:: Material for this task ::
*** Block opens ***
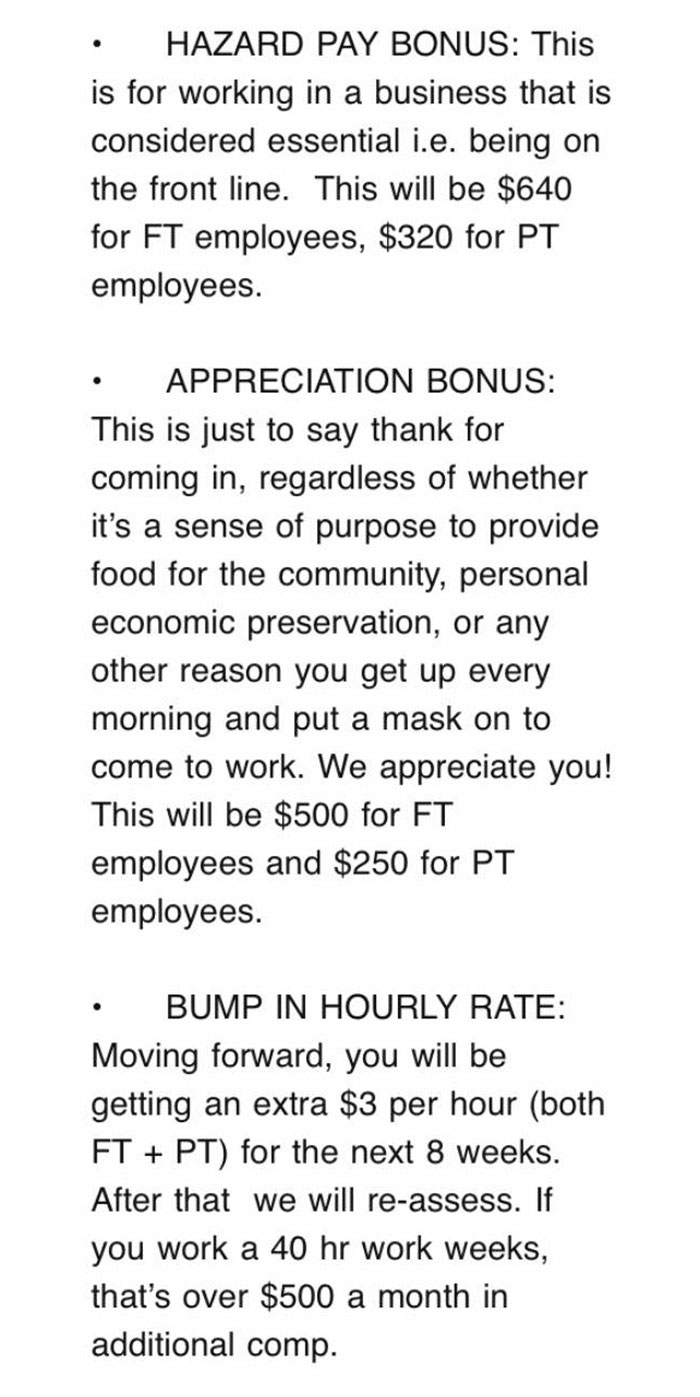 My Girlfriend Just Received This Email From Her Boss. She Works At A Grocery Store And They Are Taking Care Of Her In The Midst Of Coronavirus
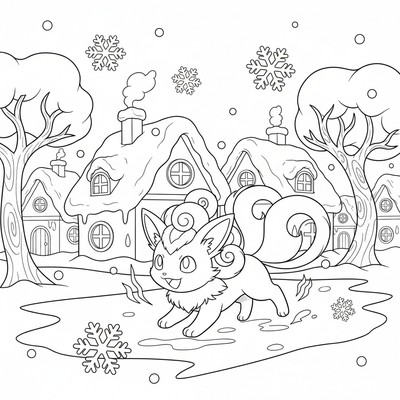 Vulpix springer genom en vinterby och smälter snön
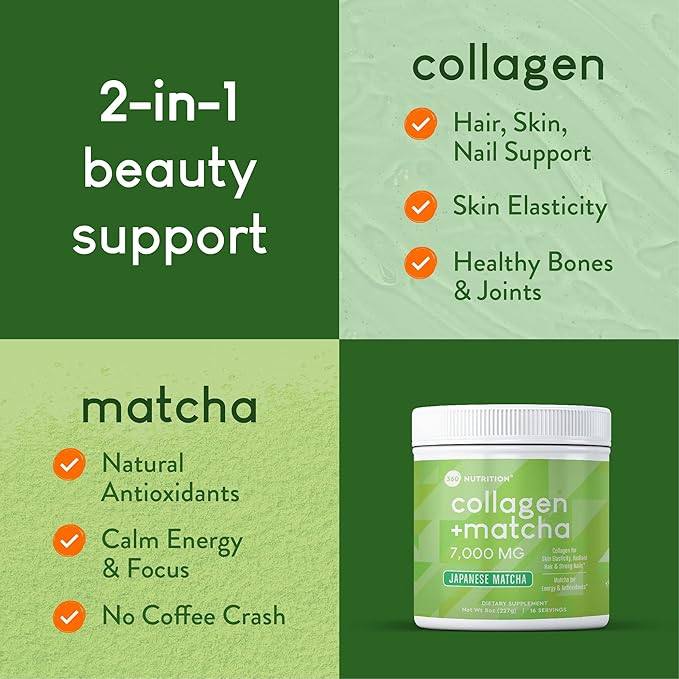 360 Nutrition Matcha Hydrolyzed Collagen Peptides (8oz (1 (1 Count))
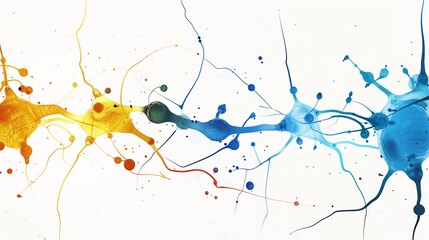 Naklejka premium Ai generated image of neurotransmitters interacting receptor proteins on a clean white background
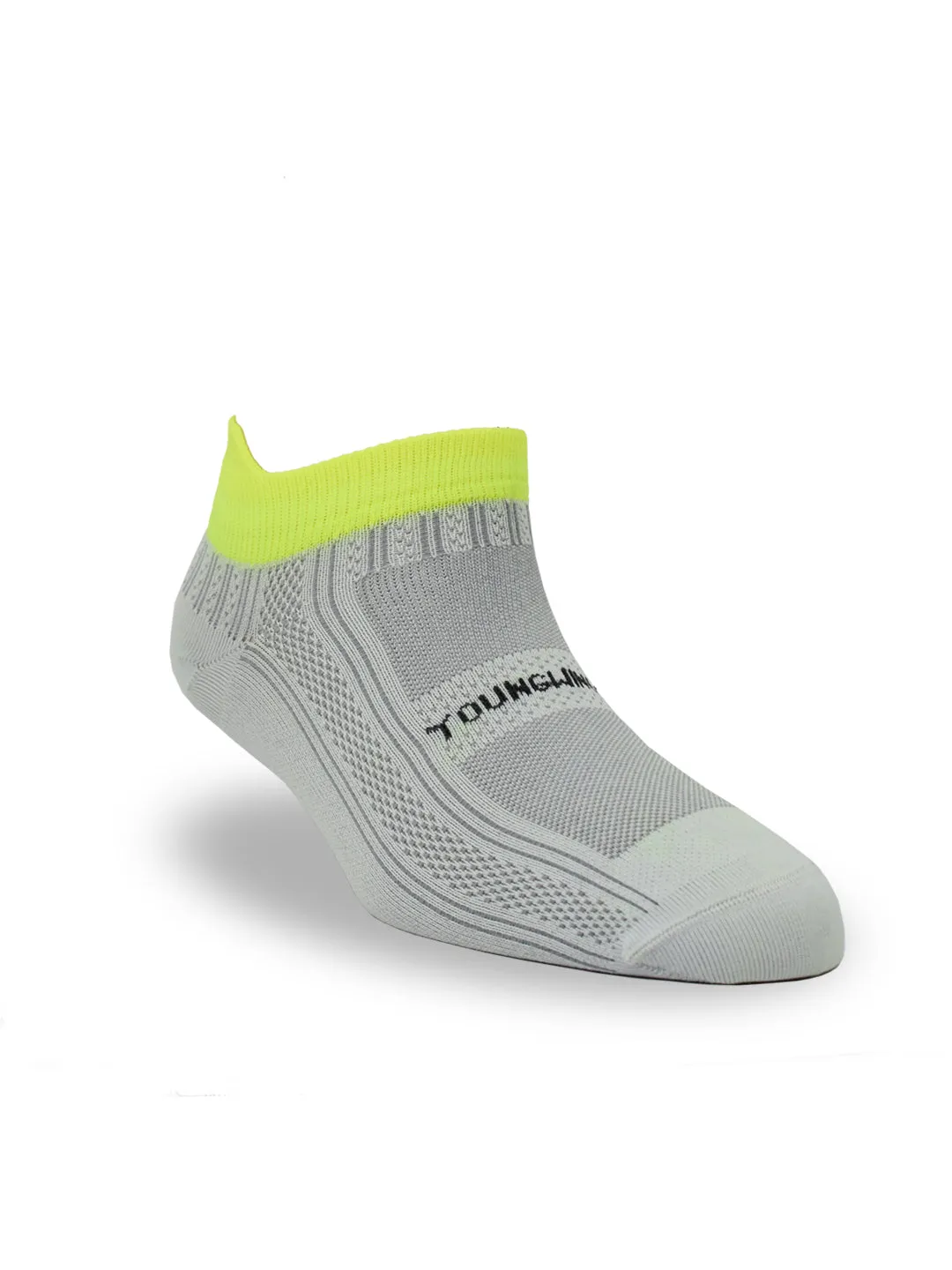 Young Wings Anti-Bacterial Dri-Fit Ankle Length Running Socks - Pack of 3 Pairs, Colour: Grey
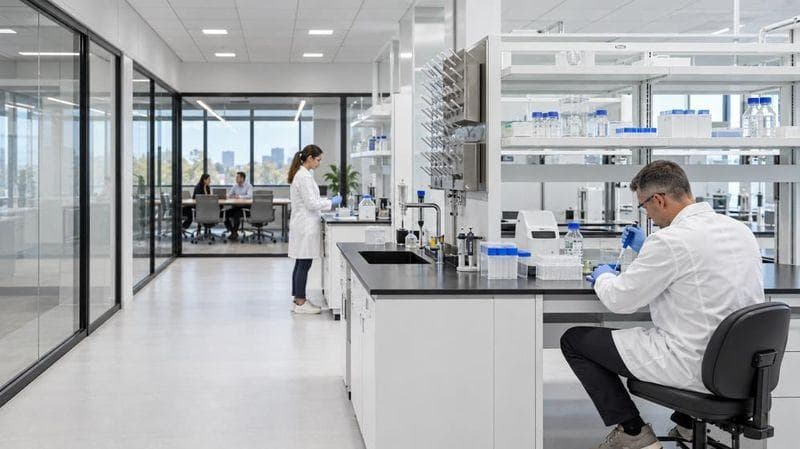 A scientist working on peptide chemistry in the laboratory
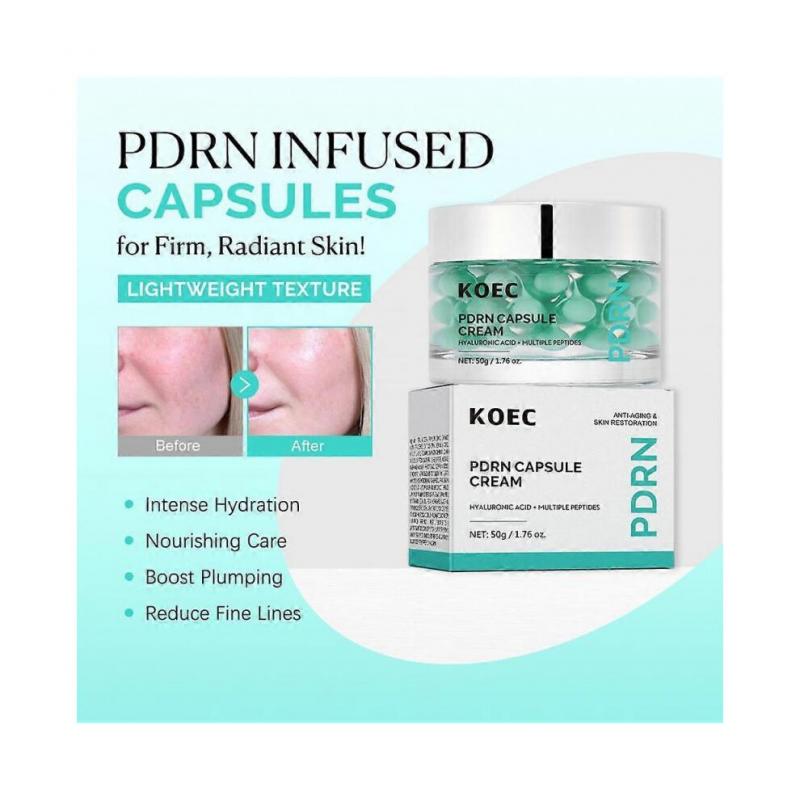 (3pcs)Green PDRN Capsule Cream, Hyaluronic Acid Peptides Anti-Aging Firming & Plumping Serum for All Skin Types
*** Block closes ***
:: What to do ::
What is needed is an exact copy of only the lines above from the one with "Vulpix springer genom" to the one with "Young Wings Anti-Bacterial", both kept, with every picture left out.

:: Output for this task ::
 Vulpix springer genom en vinterby och smälter snön
 360 Nutrition Matcha Hydrolyzed Collagen Peptides (8oz (1 (1 Count))
 Naklejka premium Ai generated image of neurotransmitters interacting receptor proteins on a clean white background
 Young Wings Anti-Bacterial Dri-Fit Ankle Length Running Socks - Pack of 3 Pairs, Colour: Grey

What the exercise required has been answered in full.